— PROVIDED MATERIAL —
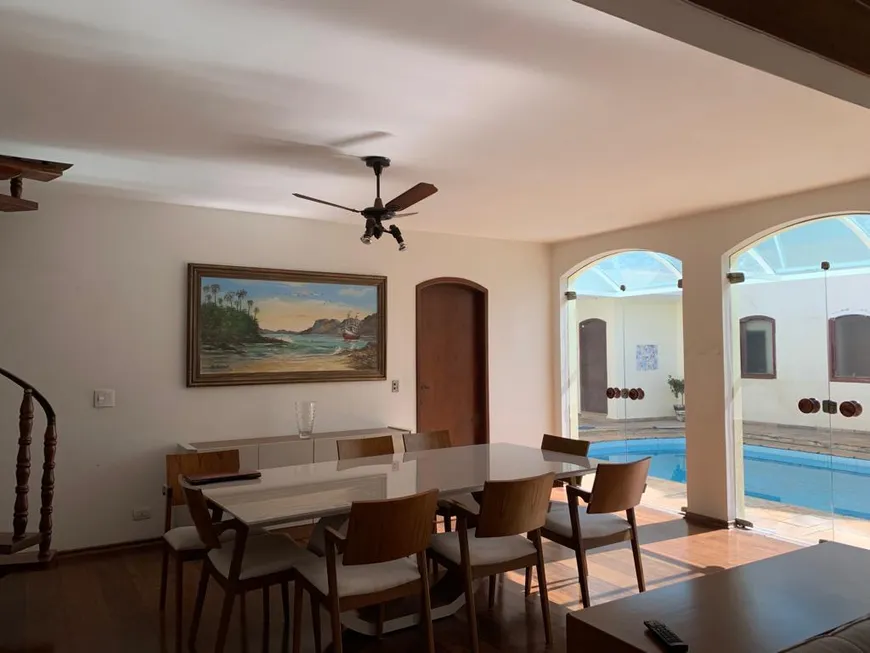 Foto 1 de Casa de Condomínio com 4 Quartos à venda, 450m² em Chácara de La Rocca, Carapicuíba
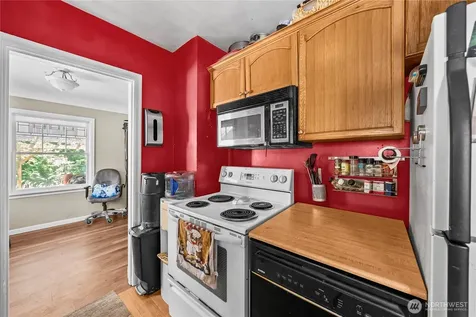 6823 60th Street E Puyallup WA 98371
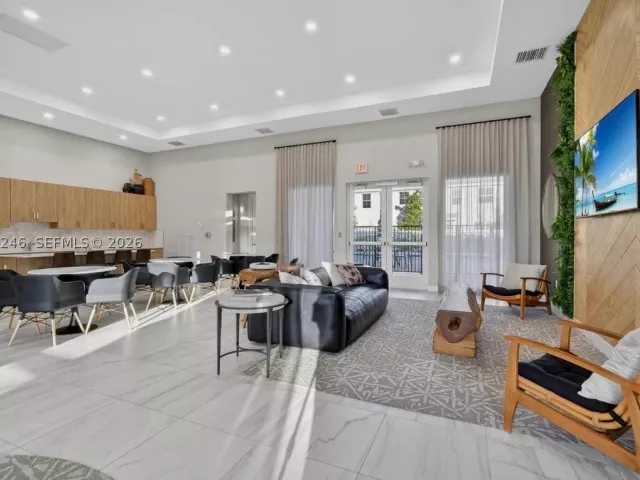 Продажа дома по адресу 181 SW 170th Ave - фото 9381998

— WHAT IS REQUIRED —
Give every line above again exactly, omitting whatever pictures appear.

— RESPONSE TO THIS EXERCISE —
 Foto 1 de Casa de Condomínio com 4 Quartos à venda, 450m² em Chácara de La Rocca, Carapicuíba
 6823 60th Street E Puyallup WA 98371
 Продажа дома по адресу 181 SW 170th Ave - фото 9381998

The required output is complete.